Du point de vue de la communauté (jugement général) il se présente comme un tri : parabole de l'ivraie (Mt 13, 24-30.36-43), parabole du filet (Mt 13, 46-50).
Mais ce jugement est souvent présenté, non comme un événement futur, mais bien comme actuel, comme s'exerçant dans le monde :
Je suis venu en ce monde pour rendre un jugement : que ceux qui ne voient pas puissent voir, et que ceux qui voient deviennent aveugles. (Jn 9, 39)
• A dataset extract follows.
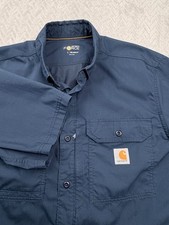Carhartt Force Shirt Mens Large Navy Blue Short Sleeve Button Down Relaxed Fit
Et le Jugement, le voici : la lumière est venue dans le monde, et les hommes ont préféré les ténèbres à la lumière, parce que leurs œuvres étaient mauvaises. (Jn 3, 19)
Jugement semble-t-il tout intérieur. Cette conception est plus particulièrement joannique, ce qui a fait dire à Loisy que le quatrième évangile substitue la mystique à l'eschatologie. On trouve pourtant dans saint Jean les éléments caractéristiques de l'eschatologie traditionnelle : la tribulation annonciatrice des temps messianiques, le dernier jour, la venue de Jésus2.Le jugement n'est pas pour lui quelque chose d'immanent seulement, mais un événement extérieur :
Maintenant a lieu le jugement de ce monde ; maintenant le prince de ce monde va être jeté dehors. (Jn 12, 31)
Voici comment l’amour atteint, chez nous, sa perfection : avoir de l’assurance au jour du jugement ; comme Jésus, en effet, nous ne manquons pas d’assurance en ce monde. (1 Jn 4, 17)
D'autre part, , cette conception d'un jugement immanent se trouve aussi , quoique moins marquée, en saint Paul :
Celui qui mange et qui boit mange et boit son propre jugement s’il ne discerne pas le corps du Seigneur. C’est pour cela qu’il y a chez vous beaucoup de malades et d’infirmes et qu’un certain nombre sont endormis dans la mort. (1 Co 11, 29-30)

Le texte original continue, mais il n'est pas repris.